Dug deep into the permafrost of a remote Arctic mountain, Norway has created a "doomsday" vault to protect the world's seeds from global catastrophe.

The Svalbard Global Seed Vault, a backup to the world's 1,400 other seed banks, was being officially inaugurated in a ceremony Tuesday on the northern rim of civilization attended by about 150 guests from 33 countries.

The frozen vault has the capacity to store 4.5 million seed samples from around the globe, shielding them from climate change, war, natural disasters and other threats.

"There are not many countries in the world they could have pulled this off," said Cary Fowler, executive director of project partner the Global Crop Diversity Trust.

Norway owns the vault in Svalbard, a frigid archipelago about 620 miles from the North Pole. The Nordic country paid US $9.1 million for construction, which took less than a year. Other countries can deposit seeds for free and reserve the right to withdraw them upon need.

The operation is funded by the Global Crop Diversity Trust, which was founded by the U.N. Food and Agriculture Organization and Biodiversity International, a Rome-based research group.

European Commission President Jose Manuel Barroso, 2004 Nobel Peace Prize winner Wangari Maathai of Kenya, and a Crop Diversity Trust board member, and Norwegian Prime Minister Jens Stoltenberg were set to attend the opening ceremony 425 feet deep into the Plataaberget mountain.

It was about -15 Celsius (5 Fahrenheit) outside as reporters were allowed in for a sneak peak of the vault on Monday.
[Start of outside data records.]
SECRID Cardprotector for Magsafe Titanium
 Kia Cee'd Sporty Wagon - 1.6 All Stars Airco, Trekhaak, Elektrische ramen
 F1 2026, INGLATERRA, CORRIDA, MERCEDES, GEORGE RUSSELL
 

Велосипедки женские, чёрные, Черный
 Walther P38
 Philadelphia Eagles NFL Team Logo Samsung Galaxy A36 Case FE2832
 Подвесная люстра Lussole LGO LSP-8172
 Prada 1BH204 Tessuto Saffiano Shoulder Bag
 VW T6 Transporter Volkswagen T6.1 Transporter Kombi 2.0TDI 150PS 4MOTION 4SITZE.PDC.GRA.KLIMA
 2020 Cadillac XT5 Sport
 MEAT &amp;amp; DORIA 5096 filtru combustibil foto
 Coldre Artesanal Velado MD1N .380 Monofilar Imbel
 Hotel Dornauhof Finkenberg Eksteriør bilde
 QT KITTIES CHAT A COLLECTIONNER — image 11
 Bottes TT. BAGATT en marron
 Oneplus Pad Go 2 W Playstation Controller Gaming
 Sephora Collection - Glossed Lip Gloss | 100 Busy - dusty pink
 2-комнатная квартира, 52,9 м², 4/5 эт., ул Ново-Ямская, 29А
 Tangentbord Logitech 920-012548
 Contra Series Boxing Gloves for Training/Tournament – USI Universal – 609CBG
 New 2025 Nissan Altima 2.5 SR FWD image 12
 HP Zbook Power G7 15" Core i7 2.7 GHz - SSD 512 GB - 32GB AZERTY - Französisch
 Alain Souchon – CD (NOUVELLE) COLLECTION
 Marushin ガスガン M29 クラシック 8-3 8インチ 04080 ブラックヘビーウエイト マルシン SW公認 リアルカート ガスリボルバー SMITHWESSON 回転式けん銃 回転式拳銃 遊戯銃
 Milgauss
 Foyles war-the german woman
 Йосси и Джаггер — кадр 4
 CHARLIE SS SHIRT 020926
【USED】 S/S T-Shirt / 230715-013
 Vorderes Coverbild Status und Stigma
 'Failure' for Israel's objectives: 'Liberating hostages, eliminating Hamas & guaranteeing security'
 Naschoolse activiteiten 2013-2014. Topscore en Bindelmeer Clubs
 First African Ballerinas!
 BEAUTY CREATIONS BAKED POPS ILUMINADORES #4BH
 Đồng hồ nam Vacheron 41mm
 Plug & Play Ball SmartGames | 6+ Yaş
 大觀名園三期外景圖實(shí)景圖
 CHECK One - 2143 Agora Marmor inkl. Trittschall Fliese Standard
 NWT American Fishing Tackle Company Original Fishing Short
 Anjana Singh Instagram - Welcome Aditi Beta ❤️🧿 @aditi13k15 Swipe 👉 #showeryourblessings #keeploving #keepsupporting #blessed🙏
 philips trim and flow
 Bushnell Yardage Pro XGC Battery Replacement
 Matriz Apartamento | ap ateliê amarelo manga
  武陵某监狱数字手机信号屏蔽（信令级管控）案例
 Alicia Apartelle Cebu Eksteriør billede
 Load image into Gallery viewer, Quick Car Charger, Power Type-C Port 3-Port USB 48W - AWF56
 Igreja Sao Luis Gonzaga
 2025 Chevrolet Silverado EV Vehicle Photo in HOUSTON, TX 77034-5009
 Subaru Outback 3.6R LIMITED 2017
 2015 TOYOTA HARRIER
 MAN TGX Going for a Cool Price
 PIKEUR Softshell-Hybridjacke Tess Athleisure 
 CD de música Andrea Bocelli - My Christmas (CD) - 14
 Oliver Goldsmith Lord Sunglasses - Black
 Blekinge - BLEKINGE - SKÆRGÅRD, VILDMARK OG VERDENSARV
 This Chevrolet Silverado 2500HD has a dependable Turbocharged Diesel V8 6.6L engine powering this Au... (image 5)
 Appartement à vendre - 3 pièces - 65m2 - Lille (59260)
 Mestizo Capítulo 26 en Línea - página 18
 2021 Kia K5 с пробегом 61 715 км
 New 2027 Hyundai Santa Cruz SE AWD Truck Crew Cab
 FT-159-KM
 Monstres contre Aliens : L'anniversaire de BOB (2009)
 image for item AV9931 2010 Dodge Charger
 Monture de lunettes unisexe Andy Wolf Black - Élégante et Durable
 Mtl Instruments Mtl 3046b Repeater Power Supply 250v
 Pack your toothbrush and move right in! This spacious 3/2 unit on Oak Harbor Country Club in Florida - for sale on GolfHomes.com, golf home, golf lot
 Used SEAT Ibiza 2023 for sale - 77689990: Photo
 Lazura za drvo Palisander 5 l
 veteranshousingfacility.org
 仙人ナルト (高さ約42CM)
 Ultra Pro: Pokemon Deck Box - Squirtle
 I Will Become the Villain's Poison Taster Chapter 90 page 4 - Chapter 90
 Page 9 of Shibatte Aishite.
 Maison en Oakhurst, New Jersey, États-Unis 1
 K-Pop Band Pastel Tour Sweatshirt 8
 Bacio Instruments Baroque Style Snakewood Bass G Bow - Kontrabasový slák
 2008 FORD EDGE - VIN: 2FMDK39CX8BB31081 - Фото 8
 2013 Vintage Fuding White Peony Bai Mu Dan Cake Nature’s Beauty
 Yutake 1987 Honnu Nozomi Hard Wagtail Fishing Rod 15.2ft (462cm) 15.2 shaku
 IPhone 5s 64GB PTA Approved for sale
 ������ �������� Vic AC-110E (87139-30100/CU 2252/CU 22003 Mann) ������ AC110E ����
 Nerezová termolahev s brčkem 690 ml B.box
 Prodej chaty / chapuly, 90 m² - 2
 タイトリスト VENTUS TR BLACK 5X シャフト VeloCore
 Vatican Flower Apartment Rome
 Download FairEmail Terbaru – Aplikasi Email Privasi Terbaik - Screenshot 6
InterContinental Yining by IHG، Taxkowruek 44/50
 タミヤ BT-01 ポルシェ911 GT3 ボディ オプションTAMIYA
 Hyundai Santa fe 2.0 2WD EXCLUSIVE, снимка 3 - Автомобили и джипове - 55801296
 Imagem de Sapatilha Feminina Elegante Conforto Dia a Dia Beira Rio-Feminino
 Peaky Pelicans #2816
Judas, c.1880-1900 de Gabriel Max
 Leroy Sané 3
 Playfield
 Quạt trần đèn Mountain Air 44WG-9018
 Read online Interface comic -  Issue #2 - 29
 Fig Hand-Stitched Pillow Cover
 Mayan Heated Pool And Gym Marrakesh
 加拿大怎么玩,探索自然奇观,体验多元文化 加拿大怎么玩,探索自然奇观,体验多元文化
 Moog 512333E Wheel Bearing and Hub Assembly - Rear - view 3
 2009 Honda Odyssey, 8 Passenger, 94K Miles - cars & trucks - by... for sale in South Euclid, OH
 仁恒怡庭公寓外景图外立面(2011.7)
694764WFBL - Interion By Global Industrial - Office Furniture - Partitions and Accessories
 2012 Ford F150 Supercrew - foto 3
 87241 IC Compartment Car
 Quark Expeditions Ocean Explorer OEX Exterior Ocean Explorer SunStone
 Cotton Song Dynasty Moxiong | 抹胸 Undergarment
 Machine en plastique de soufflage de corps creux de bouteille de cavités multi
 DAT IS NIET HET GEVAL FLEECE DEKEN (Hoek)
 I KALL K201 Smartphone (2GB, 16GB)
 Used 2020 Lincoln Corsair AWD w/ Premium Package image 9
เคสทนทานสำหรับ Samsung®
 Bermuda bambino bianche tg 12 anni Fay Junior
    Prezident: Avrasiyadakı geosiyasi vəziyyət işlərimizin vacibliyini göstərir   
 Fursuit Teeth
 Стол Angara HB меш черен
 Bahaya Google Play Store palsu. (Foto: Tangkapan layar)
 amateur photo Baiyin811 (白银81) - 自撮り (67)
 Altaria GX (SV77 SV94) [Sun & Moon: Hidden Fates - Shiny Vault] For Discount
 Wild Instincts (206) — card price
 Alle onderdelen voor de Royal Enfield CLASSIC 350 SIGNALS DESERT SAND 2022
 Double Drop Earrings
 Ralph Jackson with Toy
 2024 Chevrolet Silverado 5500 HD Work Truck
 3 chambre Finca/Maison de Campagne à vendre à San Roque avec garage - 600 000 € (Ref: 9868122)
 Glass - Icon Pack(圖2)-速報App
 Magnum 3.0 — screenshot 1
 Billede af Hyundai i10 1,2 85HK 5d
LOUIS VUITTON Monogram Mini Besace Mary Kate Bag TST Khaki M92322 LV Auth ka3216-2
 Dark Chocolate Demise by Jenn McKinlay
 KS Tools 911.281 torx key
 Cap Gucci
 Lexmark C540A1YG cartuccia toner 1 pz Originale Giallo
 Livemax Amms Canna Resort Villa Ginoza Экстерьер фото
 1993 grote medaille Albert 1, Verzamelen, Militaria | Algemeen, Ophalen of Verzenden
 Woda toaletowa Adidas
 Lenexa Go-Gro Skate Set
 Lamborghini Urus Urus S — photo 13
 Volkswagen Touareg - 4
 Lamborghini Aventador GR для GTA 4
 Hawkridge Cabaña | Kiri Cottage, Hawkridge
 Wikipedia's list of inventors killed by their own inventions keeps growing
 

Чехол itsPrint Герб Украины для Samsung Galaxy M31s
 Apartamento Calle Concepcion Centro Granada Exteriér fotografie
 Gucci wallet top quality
But it was colder inside.

Giant air conditioning units have chilled the vault to -18 Celsius (-0.4 F), a temperature at which experts say many seeds could last for 1,000 years.

Inside the concrete entrance, decorated for the opening with an ice sculpture of a polar bear, a roughly 400-foot tunnel with steel and concrete leads to three separate 32-by-88-foot chambers where the seeds will be stored.

The first 600 boxes with 11 tons (12 U.S. tons) of seed have already arrived at Svalbard from 20 seed banks around the world, Norwegian Agriculture Minister Terje Riis-Johansen said at a seminar Monday. The first 75 boxes will be carried into the vault by guests as part of the opening ceremony.

The seeds are packed in silvery foil containers - as many as 500 in each sample - and placed on blue and orange metal shelves inside the vaults. Each vault can hold 1.5 million sample packages of all types of crop seeds, from carrots to wheat.

Construction leader Magnus Bredeli-Tveiten said the vault is designed to withstand earthquakes - successfully tested by a 6.2-magnitude temblor off Svalbard last week - and even a direct nuclear strike.

Even if power systems failed, the permafrost around the vault would help keep the seeds "cold for 200 years even in the worst case climate scenario," said Fowler.

He expected the vault's life span to rival that of Egypt's ancient pyramids.

"So much of the value of Svalbard is that it is so far away from the dangers" that affect many other parts of the globe, Fowler said. The archipelago is about 300 miles north of the Norwegian mainland.

Other seed banks are in less protected areas. For example, war wiped out seed banks in Iraq and Afghanistan, and one in the Philippines was flooded in the wake of a typhoon in 2006. Fowler said the Svalbard bank was a like an insurance policy.

"It's like you get in your car in the morning and drive to the office. You don't expect to get into a car accident, but you buy insurance anyway," he said.

The Svalbard vault is protected by armed guards, but their rifles aren't only meant to discourage uninvited humans from coming too close.

"My job is to keep away people who aren't supposed to be here, and guard against polar bears," said seed vault worker Jimmy Olsen, who was standing outside the entrance Monday with a bear rifle slung from his shoulder. There are an estimated 3,000 polar bears on the islands.

Norway has received praise from around the world for building the seed bank.

FAO Director-General Jacques Diouf on Monday called it "one of the most innovative and impressive acts in the service of humanity."

But the world spotlight has worried some locals who treasure the isolation of the Arctic archipelago.

"We like to be here a little bit for ourselves," said Kai Tredal, 42, one of the roughly 2,000 residents of Svalbard's main town of Longyearbyen.